(INFORMATION SUPPLIED begins)
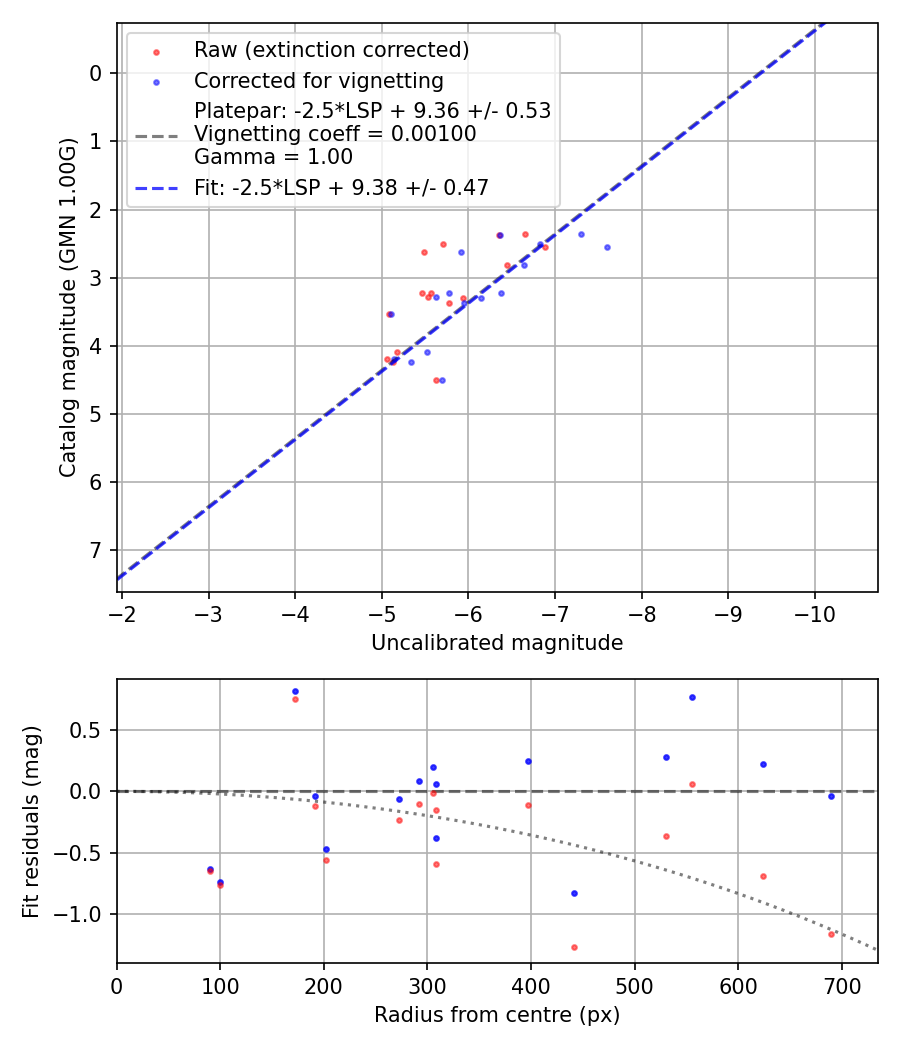 Photometry report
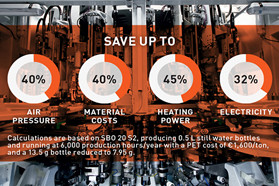 西得樂推出EECO Booster服務 引領包裝行業的數字化轉型與技術服務革新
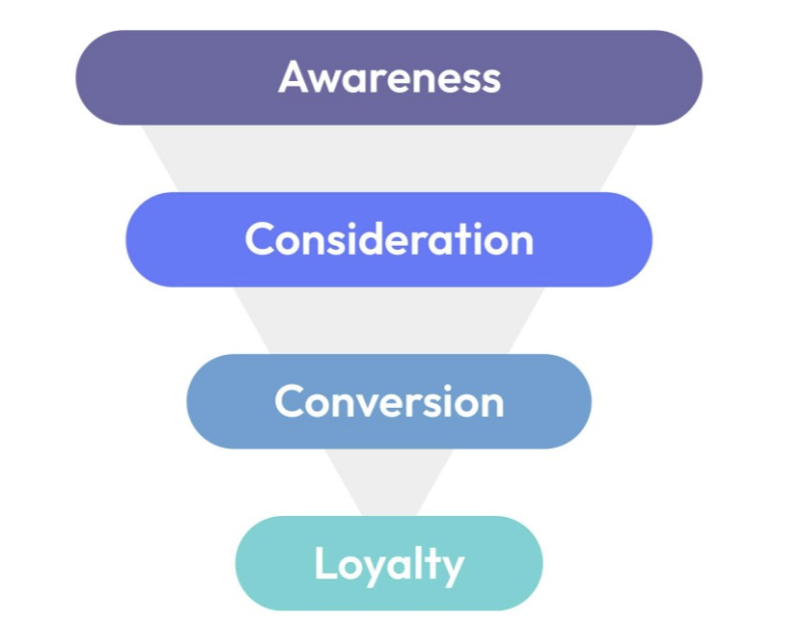 Importance of a Full Funnel Approach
(INFORMATION SUPPLIED ends)
▸ **EXERCISE GOAL**:
Find the line containing "西得樂推出EECO Booster服務 引領包裝行業的數字化轉型與技術服務革新" in the listing above. Restate it and every line after it, word for word, through the final line, leaving out the pictures.

▸ **ANSWER SPACE**:
 西得樂推出EECO Booster服務 引領包裝行業的數字化轉型與技術服務革新
 Importance of a Full Funnel Approach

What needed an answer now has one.